### Required work
Wherever a picture appears, skip it and retype the rest of the data exactly.

### Given data

------------------------------------------------

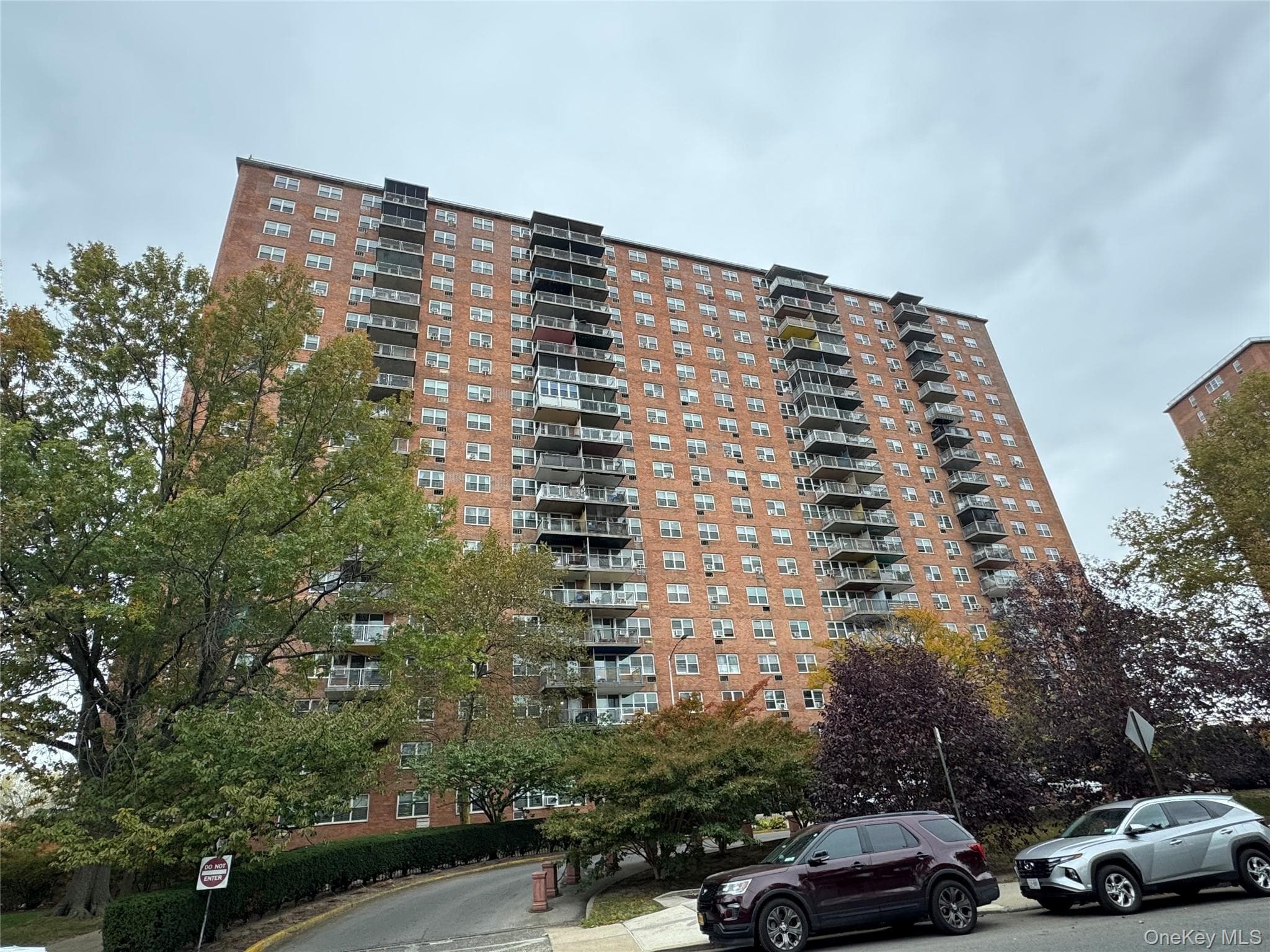 825 Morrison Avenue Unit: 16M photo 1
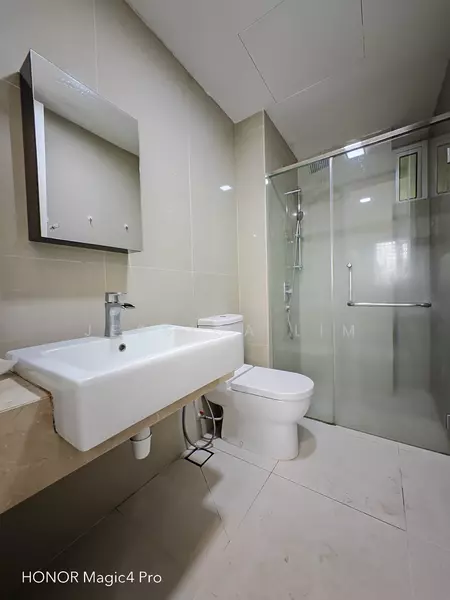 Condominium for Rent at Scenaria @ North Kiara Hills - Jessica Lim - Bathroom - PropertyGuru.com.my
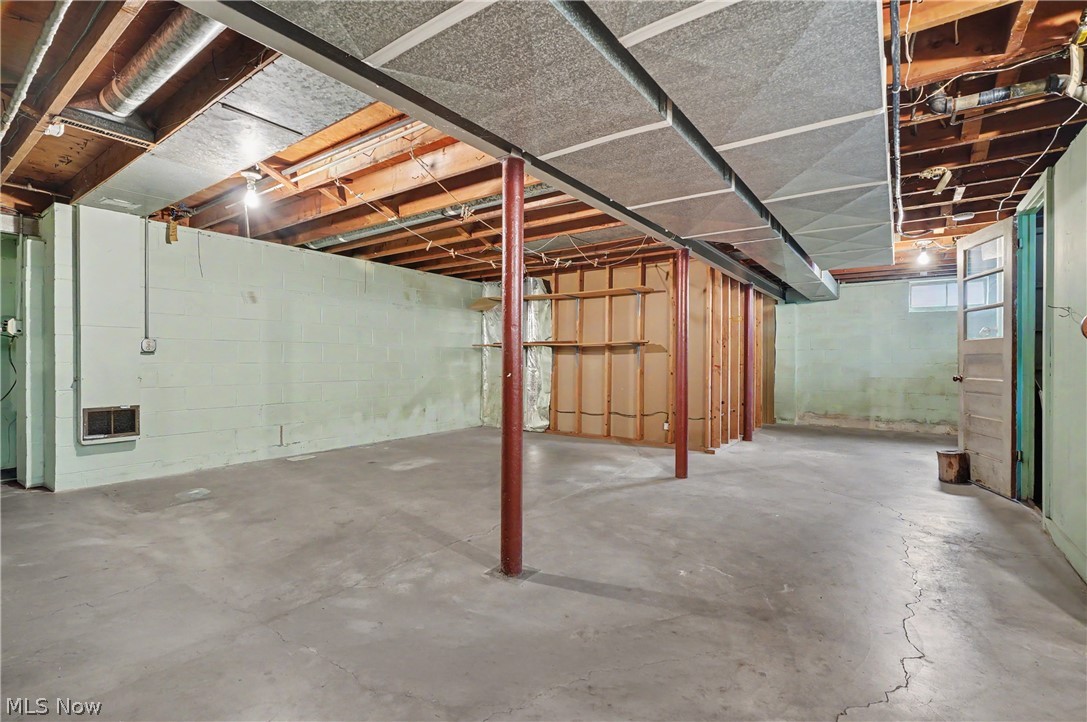 1974 Silver Fox Lane NE Warren OH 44484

------------------------------------------------

### Task result
 825 Morrison Avenue Unit: 16M photo 1
 Condominium for Rent at Scenaria @ North Kiara Hills - Jessica Lim - Bathroom - PropertyGuru.com.my
 1974 Silver Fox Lane NE Warren OH 44484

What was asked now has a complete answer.